-- Extracted records follows --

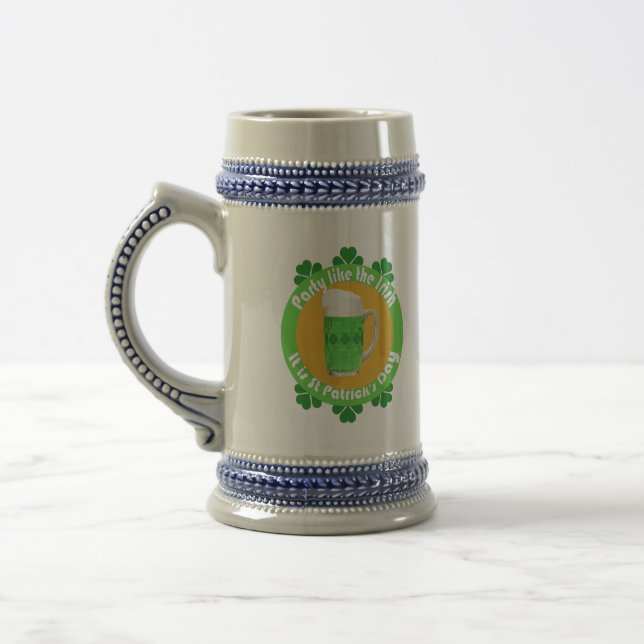 St Patrick's Day Beer Stein Bierglas (Links)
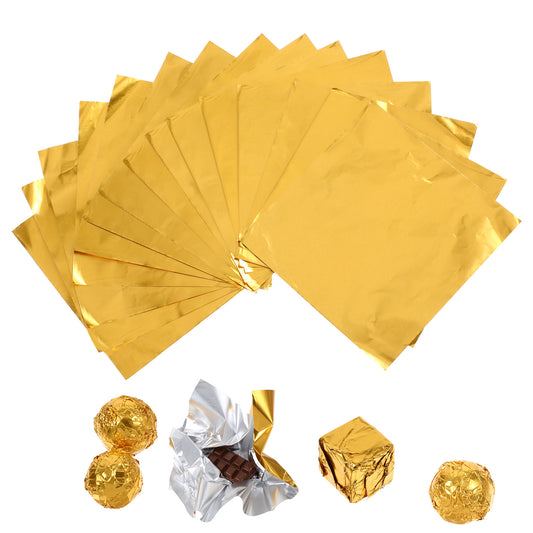 YQQYG 100 Pcs Chocolate Wrappers 4" x 4" Square Chocolate Wrappers, Gold Aluminum Foil Candy Wrappers for Homemade Candy, Individual Chocolate Packaging for Christmas Wedding Birthday Valentine's Day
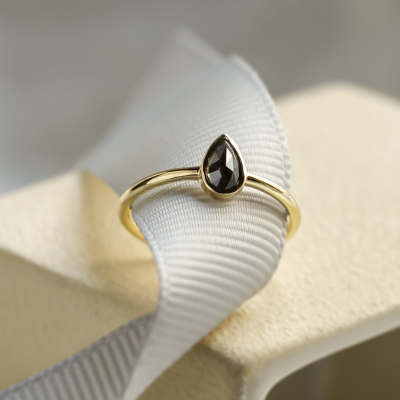 Minimalist engagement ring with pear salt and pepper diamond LAELIA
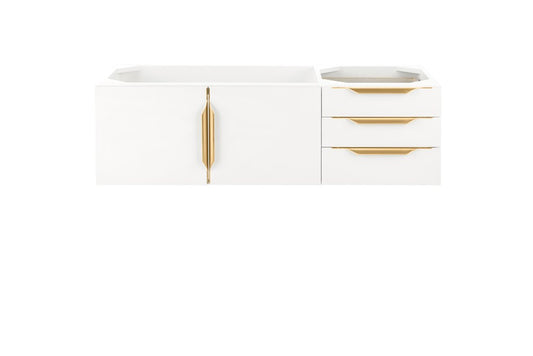 James Martin - Columbia 48" Single Wall Mount Vanity Cabinet, Glossy White, Radiant Gold - 983-V48-W-GW-G view 1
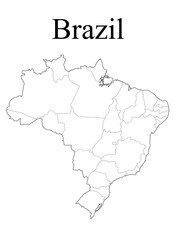 Fototapeta premium Map of the country of Brazil infographic on a white background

-- Extracted records concluded --

- Exercise details -
Only the lines from the one holding "YQQYG 100 Pcs" to the last line of the entries above should be printed, exactly as they appear and with no pictures.

- Task response -
 YQQYG 100 Pcs Chocolate Wrappers 4" x 4" Square Chocolate Wrappers, Gold Aluminum Foil Candy Wrappers for Homemade Candy, Individual Chocolate Packaging for Christmas Wedding Birthday Valentine's Day
 Minimalist engagement ring with pear salt and pepper diamond LAELIA
 James Martin - Columbia 48" Single Wall Mount Vanity Cabinet, Glossy White, Radiant Gold - 983-V48-W-GW-G view 1
 Fototapeta premium Map of the country of Brazil infographic on a white background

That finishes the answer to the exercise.